Mi amigo me cuenta que la última moda en el bachillerato son los cursillos, y sobre todo los cursillos orientados hacia los valores culturales de la región o nacionalidad donde el profesor ejerza su oficio, que en el caso de mi amigo es Andalucía. Un doctorado en la Universidad de Heildelbeig, pongo por caso, puede que reciba menos puntuación en el curriculo de un profesor andaluz que un cursillo de bailes regionales. (En el aspecto educativo los andaluces somos particularmente afortunados: la Consejería de Educación de la Junta rechazó hace poco un libro de Física porque no estaba adaptado a las condiciones de la tierra. Si hay una cultura andaluza, ¿por qué no va a haber también Física y Química andaluzas?).

Los cursillos puntúan: los puntos sirven para ganar un poco más, para facilitar el traslado a una plaza mejor. Los cursillos son una forma torcida y en apariencia amable de control ideológico: cursillos de cultura andaluza, de educación no sexista, de desinhibición corporal, de formación del espíritu nacionalista, supongo. También, me cuenta mi amigo, cursillos de baile de salón, o de degustación de vinos. A nadie le obligan a hacerlos, pero si uno no hace cursillos va quedándose atrás en el escalafón, por mucho latín o mucho francés o mucha historia que sepa, por mucho entusiasmo que ponga en enseñar, si es que le queda alguno.
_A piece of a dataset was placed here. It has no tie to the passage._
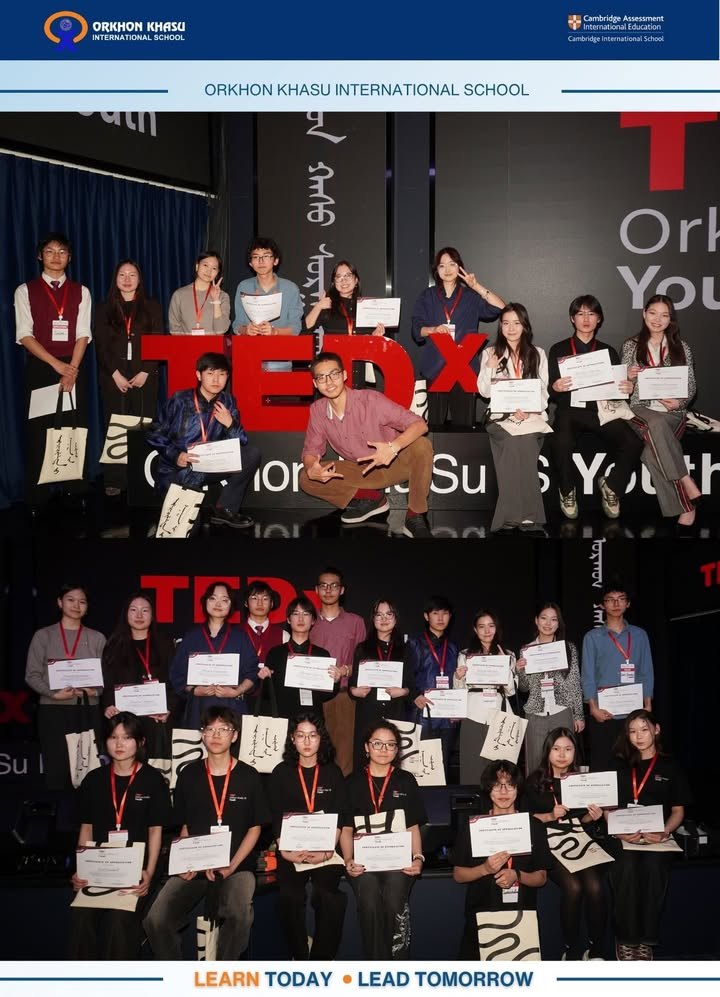 4-р сарын 9-ний өдөр TEDx Orkhon KhaSu IS Youth арга хэмжээг албан ёсны эрхтэйгээр амжилттай зохион байгууллаа. Анх удаа зохион байгуулса…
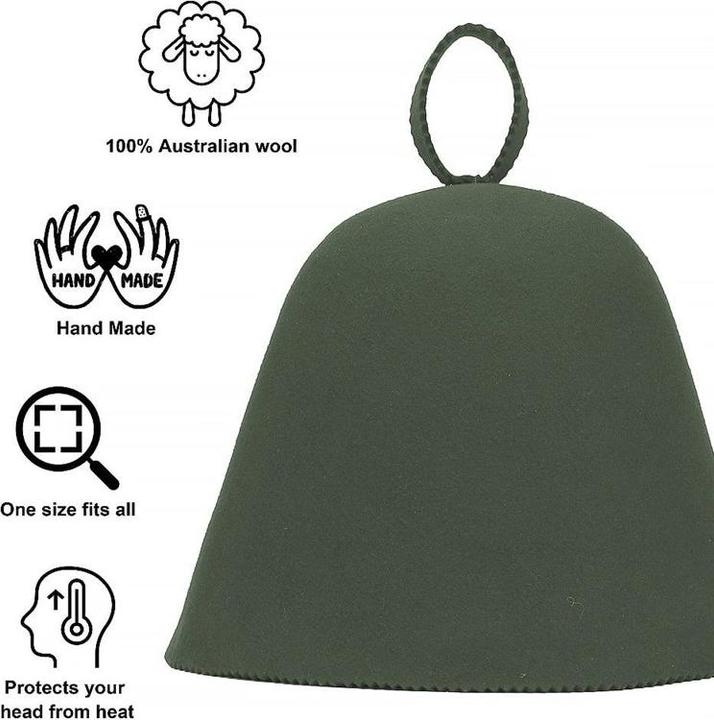 Actual product image Flammifera Sauna hat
Mi amigo me confiesa que lo está perdiendo que le da miedo y desánimo imaginar el modo en que se irá gastando a cada curso que pase, las dosis crecientes de simulación, indiferencia y cinismo que le harán falta para seguir ganandose la vida. Cerca de los 40 años no para de pensar en la inutilidad de su oficio y de todas las cosas que ha aprendido: a los alumnos no les hace falta estudiar, porque de cualquier modo serán aprobados, ni tampoco les hace falta comportarse con respeto, o con buena educación, porque nadie va a reprenderlos si maltratan las instalaciones escolares o se insolentan con un profesor, en cuanto a él, tampoco le hace ninguna falta seguir aprendiendo aquello que le gusta, porque el saber no puntúa en ningún cursillo, ni va a garantizarle un porvenir profesional más brillante. Así que mi amigo aguanta como puede, porque de algo hay que vivir, y cuenta los días que faltan para que acabe el curso, y se pregunta si el año que viene no tendrá que asistir a un cursillo de cestería, de corte y confección no sexistas, de plastilina. De plastilina andaluza, por supuesto.